Forum Discussion

AnnaBertoncini's avatar
AnnaBertoncini
Community Member
1 year ago

AI TTS and SSML functionality

Hello everyone,

I would like to bring the attention of the community on AI TTS and the limited use of SSML with it.

I know that it is not supported because you built AI voices "to understand the relationship between words and adjust delivery accordingly". 

However, AI voices mispronounce acronyms and other words like company names and such. 

By saying that I am forced to use the old TTS voices, and it is a bit upsetting because the AI voices sound indeed more natural and "human", big benefits in e-learning for ensuring a more pleasant learning experience for our users. 

This is a request to work on SSML for AI voices because I strongly believe it is needed. 

Anna

17 Replies

  • Hello AnnaBertoncini,

    Thanks for reaching out and sharing your thoughts on AI TTS and SSML functionality.

    You are correct that AI Assistant has limited support for speech synthesis markup language (SSML) because AI-generated voices are designed to understand the relationship between words and adjust delivery accordingly.

    I believe this is a good request, so I shared your feedback with our product team. We'll let you know if there are any changes in the future regarding this area in Articulate AI.

    Enjoy the rest of your day!

     

    • suzarina's avatar
      suzarina
      Community Member

      Any update on this? I'm also having issues trying to get the AI voices to pronounce acronyms correctly, or interject pauses so that the speech sounds more natural. 

      • EricSantos's avatar
        EricSantos
        Staff

        Hi suzarina,

        Thanks for following up on this request.

        There are no updates at the moment, but we'll make sure to post in this thread if there are any developments regarding expanded SSML support in Articulate AI text-to-speech.

  • arabellas's avatar
    arabellas
    Community Member

    I'd like to piggyback on this request. The AI voices overall sound more natural - but it's more challenging to adjust pronunciation. It would also be really nice to be able to adjust the inflection/emphasis and expression. 

    • LaurenDuvall's avatar
      LaurenDuvall
      Staff

      Hi BrendtWaters! Thanks for letting us know that this feature would be beneficial for you, too. I know others have shared interest in more control when it comes to pronunciation with AI voices. To ensure I'm sharing the correct information with our Product team, would you mind sharing where you've been stuck with the lack of control with AI voices? Is it certain words, languages, or something else?

      • BrendtWaters's avatar
        BrendtWaters
        Community Member

        By far, the biggest loss is the phoneme tag.
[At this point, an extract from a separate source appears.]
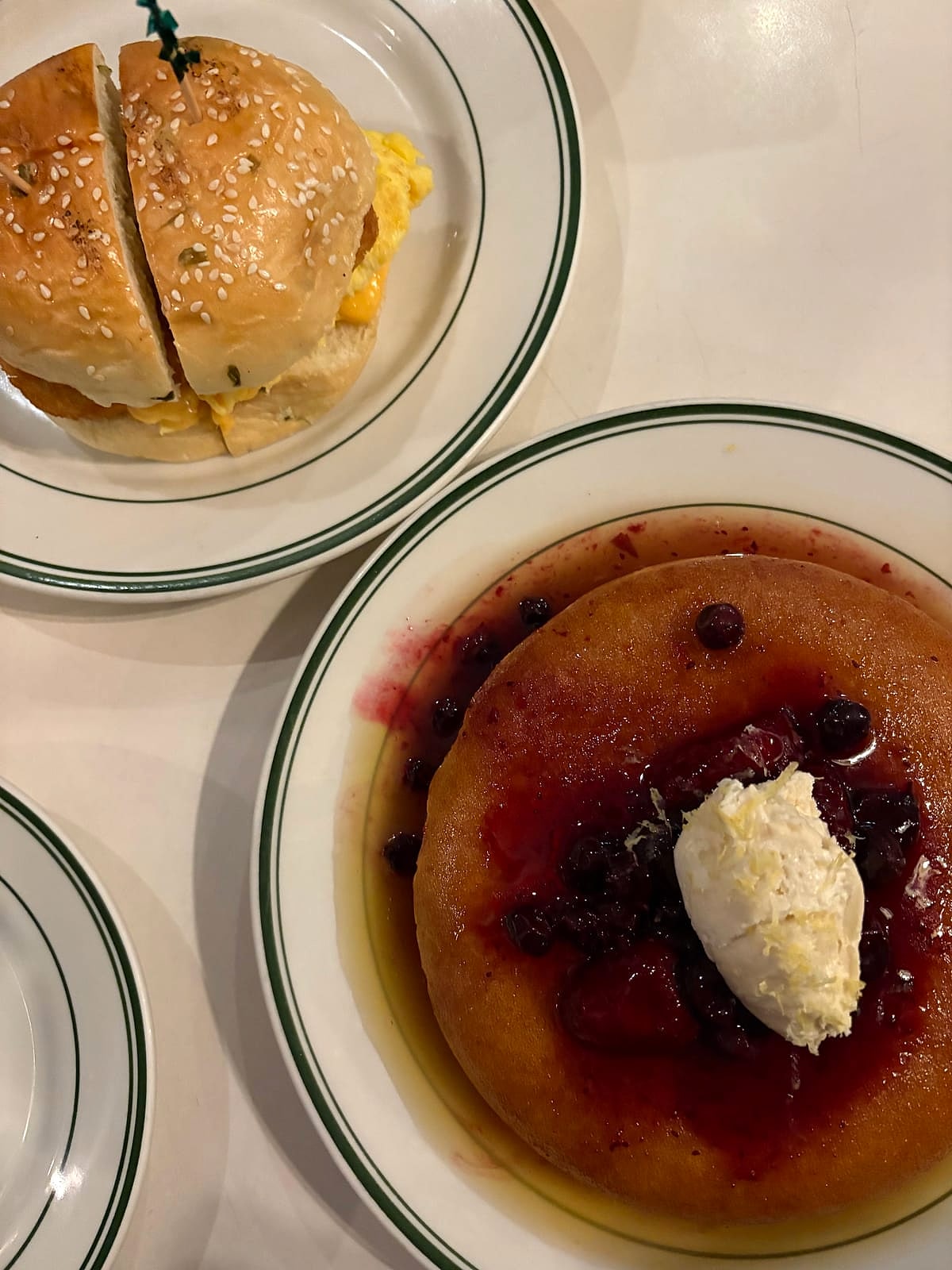 Honey butter pancakes with berry compote next to a breakfast sandwich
Even the smartest of AI voices stumbles on pronunciations. While sometimes, you can "fake" it out to say what you want (e.g., with creative spelling), when emphasis is put on the wrong syllable, there's no way to fix that other than the phoneme tag.

        Case in point: The word "conduct" can be a verb ("Bob will conduct the orchestra") or a noun ("Mary has good conduct"). Same word, two different pronunciations.

        While we were overhauling all our courses (before moving to on-board AI TTS), we were using an external tool (creating mp3s) that allowed the phoneme tag. So that we didn't have to keep figuring out the same IPA over and over, we made a library of phoneme tags. It exceeded 50 tags. So this is no minor loss.

        I'm truly confused why, what is supposed to be an upgrade, *loses* an ability that on-board (regular) TTS had.

  • arabellas's avatar
    arabellas
    Community Member

    Seconding Brendt's reply. The phoneme tag is a huge help. It's not about just certain words - my organization uses lots of acronyms that are pronounced as words, but not always in a way that's easy to "fake" with spelling. It's especially frustrating when it's part of a bigger phrase and everything else about the phrase is perfect, but just that one word is totally wrong and you have to regenerate the whole thing. And if you're using two words with unusual pronunciations in the same script, that can be extra frustrating.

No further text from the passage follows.